----- Given information

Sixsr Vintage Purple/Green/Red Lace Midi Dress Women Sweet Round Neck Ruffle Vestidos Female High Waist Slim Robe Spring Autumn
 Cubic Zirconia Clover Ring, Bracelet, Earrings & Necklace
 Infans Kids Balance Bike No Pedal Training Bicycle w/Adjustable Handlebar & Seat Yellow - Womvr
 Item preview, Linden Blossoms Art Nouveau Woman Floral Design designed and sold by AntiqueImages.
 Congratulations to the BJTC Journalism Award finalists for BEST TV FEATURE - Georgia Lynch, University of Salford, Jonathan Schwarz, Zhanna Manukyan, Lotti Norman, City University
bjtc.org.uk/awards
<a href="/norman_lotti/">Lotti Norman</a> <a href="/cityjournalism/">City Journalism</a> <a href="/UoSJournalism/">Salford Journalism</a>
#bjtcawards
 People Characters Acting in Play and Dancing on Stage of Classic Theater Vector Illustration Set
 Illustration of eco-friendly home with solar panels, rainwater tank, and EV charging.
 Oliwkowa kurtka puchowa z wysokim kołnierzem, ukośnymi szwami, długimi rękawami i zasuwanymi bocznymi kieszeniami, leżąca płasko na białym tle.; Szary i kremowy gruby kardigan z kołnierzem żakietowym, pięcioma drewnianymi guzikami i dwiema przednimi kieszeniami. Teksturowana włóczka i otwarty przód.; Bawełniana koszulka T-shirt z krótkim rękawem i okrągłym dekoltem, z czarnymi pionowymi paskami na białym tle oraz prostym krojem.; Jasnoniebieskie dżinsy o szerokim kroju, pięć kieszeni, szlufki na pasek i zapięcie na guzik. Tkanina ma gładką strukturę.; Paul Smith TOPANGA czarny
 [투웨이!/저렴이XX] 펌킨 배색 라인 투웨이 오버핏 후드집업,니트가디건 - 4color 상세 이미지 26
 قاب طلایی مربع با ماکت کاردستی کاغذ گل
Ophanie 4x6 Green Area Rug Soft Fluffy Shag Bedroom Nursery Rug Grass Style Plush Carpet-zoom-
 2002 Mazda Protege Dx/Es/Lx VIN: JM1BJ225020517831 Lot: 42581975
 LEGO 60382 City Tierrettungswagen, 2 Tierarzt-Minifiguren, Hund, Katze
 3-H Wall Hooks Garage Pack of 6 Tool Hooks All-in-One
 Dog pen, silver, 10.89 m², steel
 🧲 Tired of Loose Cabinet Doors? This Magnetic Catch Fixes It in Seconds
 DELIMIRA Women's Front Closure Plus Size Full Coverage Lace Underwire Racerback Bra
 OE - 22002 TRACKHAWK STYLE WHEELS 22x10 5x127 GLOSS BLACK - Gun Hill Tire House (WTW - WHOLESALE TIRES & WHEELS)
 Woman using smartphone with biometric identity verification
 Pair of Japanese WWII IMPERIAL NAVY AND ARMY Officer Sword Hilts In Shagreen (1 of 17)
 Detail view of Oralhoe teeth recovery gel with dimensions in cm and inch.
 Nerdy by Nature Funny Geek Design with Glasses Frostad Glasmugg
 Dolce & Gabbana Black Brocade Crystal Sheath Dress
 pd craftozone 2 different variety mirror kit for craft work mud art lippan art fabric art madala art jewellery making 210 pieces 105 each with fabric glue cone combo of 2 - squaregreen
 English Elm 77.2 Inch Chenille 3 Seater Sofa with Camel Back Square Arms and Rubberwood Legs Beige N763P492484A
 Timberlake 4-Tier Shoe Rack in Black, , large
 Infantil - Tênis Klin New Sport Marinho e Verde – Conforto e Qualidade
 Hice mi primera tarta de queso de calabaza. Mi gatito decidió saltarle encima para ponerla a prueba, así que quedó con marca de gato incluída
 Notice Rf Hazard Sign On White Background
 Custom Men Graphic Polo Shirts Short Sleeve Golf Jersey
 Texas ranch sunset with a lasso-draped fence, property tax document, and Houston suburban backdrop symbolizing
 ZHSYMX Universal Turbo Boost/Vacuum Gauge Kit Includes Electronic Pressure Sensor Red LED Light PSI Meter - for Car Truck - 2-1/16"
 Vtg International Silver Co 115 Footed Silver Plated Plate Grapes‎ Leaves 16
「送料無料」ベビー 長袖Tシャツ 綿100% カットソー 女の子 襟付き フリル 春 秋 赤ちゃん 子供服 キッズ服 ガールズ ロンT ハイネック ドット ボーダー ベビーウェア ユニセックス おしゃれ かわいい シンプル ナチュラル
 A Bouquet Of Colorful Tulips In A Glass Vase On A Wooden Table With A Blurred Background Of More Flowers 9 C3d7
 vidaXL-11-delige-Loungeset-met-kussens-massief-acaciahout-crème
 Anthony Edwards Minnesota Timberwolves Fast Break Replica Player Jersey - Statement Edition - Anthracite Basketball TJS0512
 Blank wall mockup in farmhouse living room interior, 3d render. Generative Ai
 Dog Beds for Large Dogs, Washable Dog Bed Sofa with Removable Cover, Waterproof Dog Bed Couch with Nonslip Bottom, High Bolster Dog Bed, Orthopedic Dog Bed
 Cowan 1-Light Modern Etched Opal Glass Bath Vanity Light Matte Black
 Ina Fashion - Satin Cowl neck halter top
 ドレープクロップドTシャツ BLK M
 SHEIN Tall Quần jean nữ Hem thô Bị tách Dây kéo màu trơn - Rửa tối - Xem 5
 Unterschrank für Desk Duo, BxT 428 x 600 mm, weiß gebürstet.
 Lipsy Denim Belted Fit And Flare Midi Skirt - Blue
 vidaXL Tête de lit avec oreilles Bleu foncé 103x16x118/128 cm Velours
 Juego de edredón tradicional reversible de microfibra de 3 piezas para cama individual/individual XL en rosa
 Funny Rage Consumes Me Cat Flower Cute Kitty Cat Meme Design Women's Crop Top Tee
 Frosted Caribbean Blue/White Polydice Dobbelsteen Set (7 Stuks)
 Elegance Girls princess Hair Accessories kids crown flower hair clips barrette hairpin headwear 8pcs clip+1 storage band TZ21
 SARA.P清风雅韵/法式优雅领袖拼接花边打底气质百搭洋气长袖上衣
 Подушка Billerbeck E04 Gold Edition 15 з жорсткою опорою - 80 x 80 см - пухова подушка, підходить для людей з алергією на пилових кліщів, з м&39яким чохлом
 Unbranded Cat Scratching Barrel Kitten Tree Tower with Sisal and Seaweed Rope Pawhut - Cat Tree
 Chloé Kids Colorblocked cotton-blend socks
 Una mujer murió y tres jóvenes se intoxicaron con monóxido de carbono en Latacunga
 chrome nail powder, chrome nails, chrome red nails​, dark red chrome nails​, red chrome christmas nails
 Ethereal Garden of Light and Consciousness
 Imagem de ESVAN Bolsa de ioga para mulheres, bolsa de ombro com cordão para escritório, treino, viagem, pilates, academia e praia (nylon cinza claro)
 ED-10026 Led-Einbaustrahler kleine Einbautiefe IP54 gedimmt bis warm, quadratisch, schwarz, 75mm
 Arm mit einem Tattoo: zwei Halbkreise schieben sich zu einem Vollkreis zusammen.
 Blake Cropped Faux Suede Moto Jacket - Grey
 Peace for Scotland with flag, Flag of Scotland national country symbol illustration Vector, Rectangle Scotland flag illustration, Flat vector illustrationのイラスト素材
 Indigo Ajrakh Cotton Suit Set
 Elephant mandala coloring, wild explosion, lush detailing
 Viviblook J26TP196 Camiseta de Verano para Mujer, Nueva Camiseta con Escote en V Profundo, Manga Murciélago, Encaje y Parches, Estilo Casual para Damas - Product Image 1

----------

**Brief:**
Copy out the entries above exactly as given, starting at the top and ending with the line containing "Infans Kids Balance"; include both and nothing more.

**Your response:**
Sixsr Vintage Purple/Green/Red Lace Midi Dress Women Sweet Round Neck Ruffle Vestidos Female High Waist Slim Robe Spring Autumn
 Cubic Zirconia Clover Ring, Bracelet, Earrings & Necklace
 Infans Kids Balance Bike No Pedal Training Bicycle w/Adjustable Handlebar & Seat Yellow - Womvr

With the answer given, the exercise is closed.